Effects throughout the body

EDCs interfere with the function of hormones, which help develop and regulate systems vital to life, including reproduction, metabolism, growth, sleep, and stress response. Keynote speaker Nsedu Witherspoon, executive director of the Children’s Environmental Health Network in Washington, D.C., discussed current issues for children.

Heather Stapleton, Ph.D., from Duke University, presented a second keynote talk on how brominated flame retardants affect the placenta’s regulation of thyroid hormones.

Wildlife populations

Jacqueline Bangma, Ph.D., a postdoctoral fellow from the University of North Carolina at Chapel Hill (UNC) gave a talk on per- and polyfluoroalkyl substances (PFAS) in local fish populations.

Blood plasma, liver, and kidney showed the highest levels of PFAS in fish after exposure. Bangma and others are working to figure out why certain tissues accumulate PFAS more rapidly.

Involving the community

Speakers from NIEHS-funded Community Engagement Cores at UNC, Duke, and North Carolina State University (NCSU), which are part of the NIEHS Superfund Research Program and Partnerships for Environmental Public Health, shared a common theme of innovation that comes from bringing together unlikely partners, such as faith-based and fishing groups.

Catherine Kastleman, Duke University Kastleman explained Duke’s role in community-based participatory research during a session on involving local residents. (Photo courtesy of Steve McCaw)

“In our area, people often fish off of bridges. Do those people know that these waterways might be impaired by mercury or other EDCs?” asked Catherine Kastleman, from Duke. A practical solution developed by the Duke team is a calendar with recipes that suggest using fish with lower mercury levels. The team partnered with a local chef to develop recipes that offer alternatives to frying fish, to reduce exposure to certain contaminants.

“We want to provide potential solutions to communities to reduce or mitigate the impact of hazardous substances,” said Neasha Graves, from UNC. She described informing, consulting, involving, collaborating, and empowering individuals who may be affected by EDCs.

EDCs and epigenetics

Speakers in the final panel discussed EDC effects on epigenetic mechanisms, which are chemical tags that modify DNA and gene activity without changing the underlying genetic sequence. Biologist Yin Li, Ph.D., from the NIEHS Reproductive and Developmental Biology Lab, presented her research on epigenetic changes that follow exposure to diethylstilbesterol.

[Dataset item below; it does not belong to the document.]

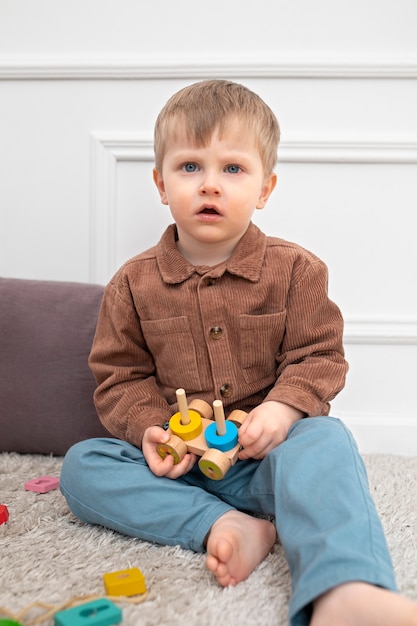 Полный снимок ребенка, играющего с развивающей игрушкой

Bruce Blumberg, Ph.D., from the University of California, Irvine discussed effects of prenatal exposure to tributyltin, which is a toxic chemical used for industrial purposes and is often found in house dust. “Tributyltin is a known obesogen, or chemical that stimulates the development of fat cells — known as adipocytes — and fat storage,” said Blumberg. “About 50 chemical obesogens have been identified.” Blumberg showed that animals exposed to an obesogen in the womb gained more weight.

(Sheena Scruggs, Ph.D., is the Digital Outreach Coordinator in the NIEHS Office of Communications and Public Liaison.)